What a curious thing, after all, genre painting is, beginning with the name—an inexpressive term, the French word for “sort” or “type,” first used in English, according to the OED, in 1849 to designate paintings of ordinary life. Though examples can be found in French painting (Chardin) and American (Winslow Homer, the Ashcanners), the supreme examples belong to the Dutch seventeenth century. The emergent middle class holds up the mirror to itself in saucy eclipse of all those gods and kings who formerly held a monopoly on glorification. A school arises that abandons the religious and mythological subjects which have hitherto formed the nearly exclusive matter of European painting and substitutes, with a vengeance, the daily ordinary, including such ignoble scenes as soldiers getting drunk in a brothel and mothers wiping their infants’ befouled bottoms. Its genealogy can be traced from late-medieval calendar illustrations through the scenes of peasant life by Pieter Breughel the Elder; but a crucial transition, I think, exists in the biblical scenes by Caravaggio and Rembrandt and (a bit later) de La Tour that garbed the incidents of Holy Scripture in the particularized faces and intimate gestures of a neighborhood household.

These Bible people are people we know: a Protestant assertion that brings the sublime down to earth. Dutch genre painting, according to Mr. Sutton’s excellent, comprehensive catalog text, began in the sixteenth century with frankly cautionary illustrations of intemperance and brothel revelry. With gusto Jan Steen depicted The Effects of Intemperance (circa 1663- 1665), The Drunken Couple, The Disreputable Woman, The Disorderly Household. The debauches of the Prodigal Son and of Lot with his daughters came in for pointed illustration. Soldiers, a constant Dutch presence in these decades of the Eighty Years War, were a favorite topic for “guardroom” paintings that showed them as tipsy and lusty—no military gloire here.

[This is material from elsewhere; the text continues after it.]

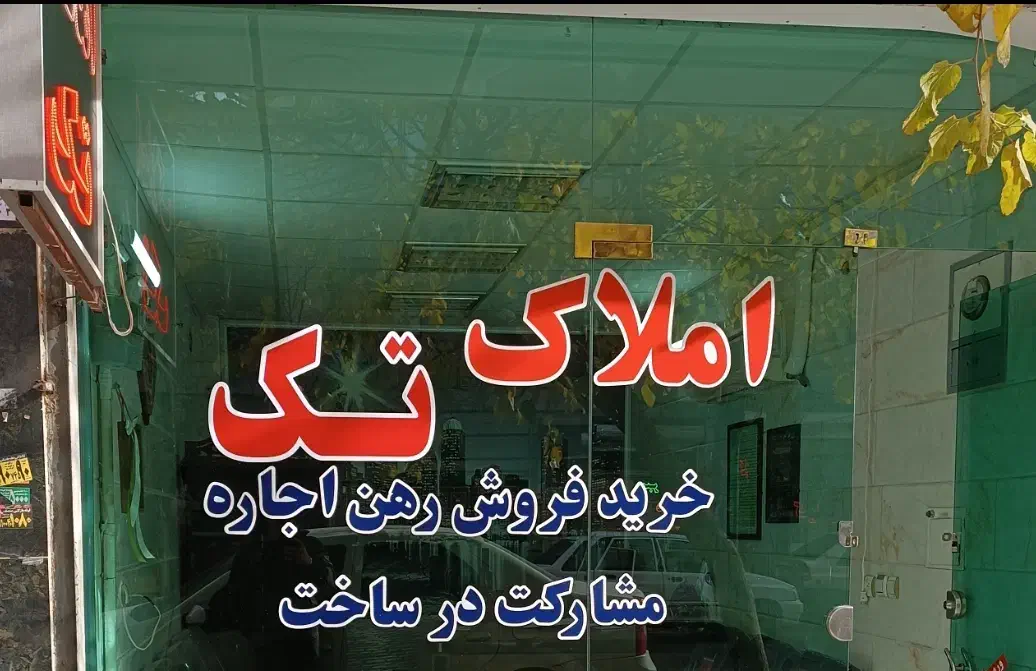 ۵۰ متر / تجاری / شهرری میدان فرمانداری/ TAK|اجارهٔ مغازه و غرفه|ری, سرتخت|دیوار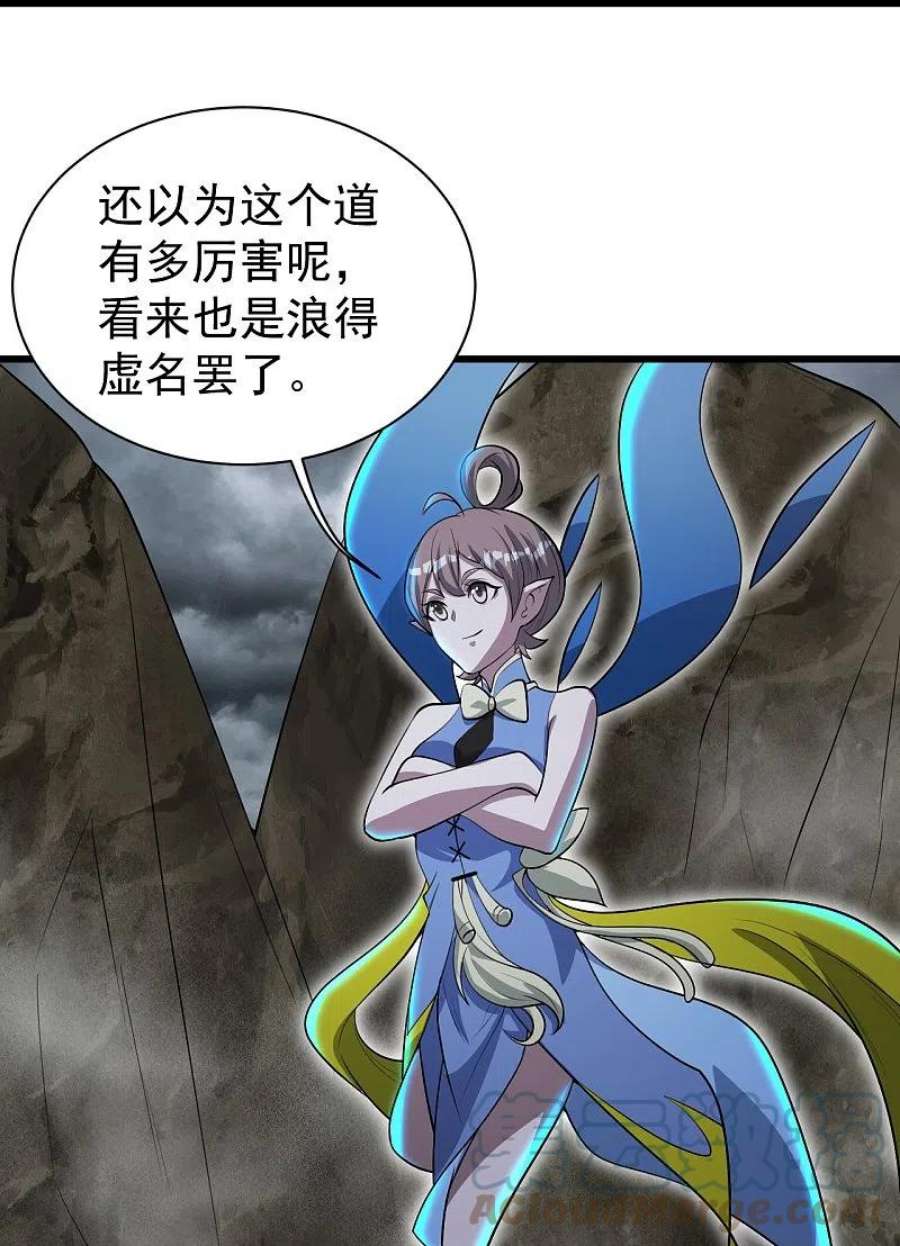 盖世帝尊276话 戏子！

De Hooch began with brownish, stilted, claustral depictions of “merry company”—rest and recreation it was called in later days. A sinister though increasingly vague atmosphere of sexual negotiation dominates. In A Merry Company with Two Men and Two Women (circa 1657-1658) the painter startles us with, near the center of the canvas, in a quartet of otherwise averted or cursory faces, a woman’s face, sunlit, of vivid expectancy and alertness. Her wrist is being clasped by the man across the table from her, so it is clear enough what she is being alert and expectant about; but here, in a room whose shape and lighting could be straight from Vermeer, de Hooch goes further than he has to and gives us a brilliant, dramatic exploration of a live person—a kind of painterly grace has descended on this hyperanimated woman of dubious virtue. Something of the same abrupt brilliance returns in a late painting of his Amsterdam period, A Man Reading a Letter to a Woman (circa 1670-1674). Her red dress and gold skirt attract the sun, but our attention is held by the complex expression on her listening face, patient yet skeptical. The genius of genre painting was that, unlike more hierarchical and stylized and reverent modes, it posed no deflecting alternative to reality.

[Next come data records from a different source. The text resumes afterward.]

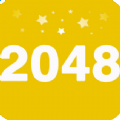 2048İ氲׿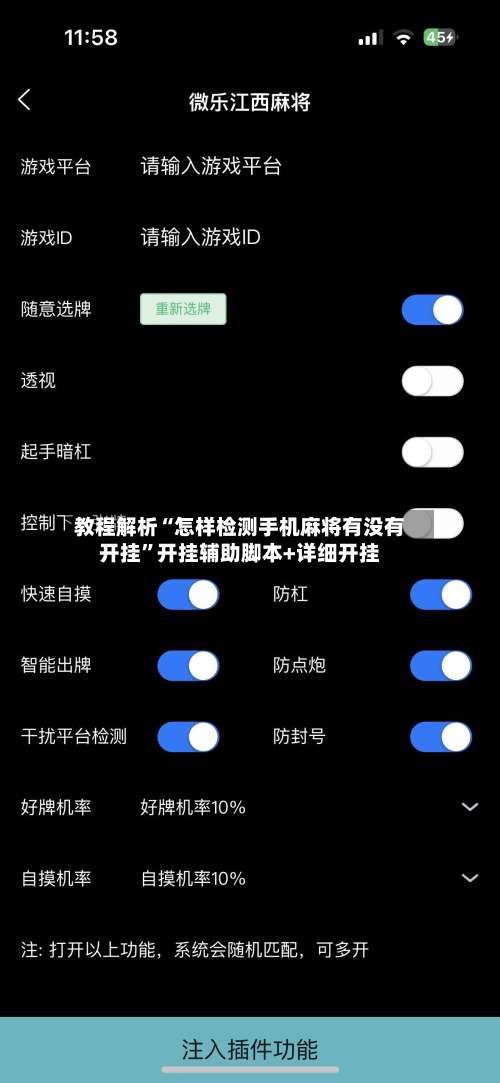 教程解析“怎样检测手机麻将有没有开挂	”开挂辅助脚本+详细开挂-第1张图片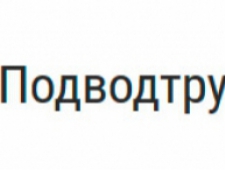 Подводтрубопроводстрой ОАО ПТПС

Rather, it insisted on it—the mundane quotidian in its ambiguous, charged stillness. And, just as sunlight broke through the leaded windows into the whitewashed rooms, a freshly felt glory infused representation. The Dutch virtues—a fierce cleanness and orderliness in the face of threats from monarchal empires and the unruly sea—idealized the patient rounds of daily housekeeping. How central a sense of shelter was to the beauty of Dutch genre painting is indicated by the drab sunlessness of de Hooch’s outdoor paintings of women doing laundry or of families posing for a portrait: there was too much naked light for him; he could not form defining shadows or highlights. His Amsterdam pictures get darker and darker, framing a few spotlit figures. Circumambient light seen from inside, and experienced within; that is de Hooch’s settled manner, and a metaphor for Protestantism’s new version of religious experience.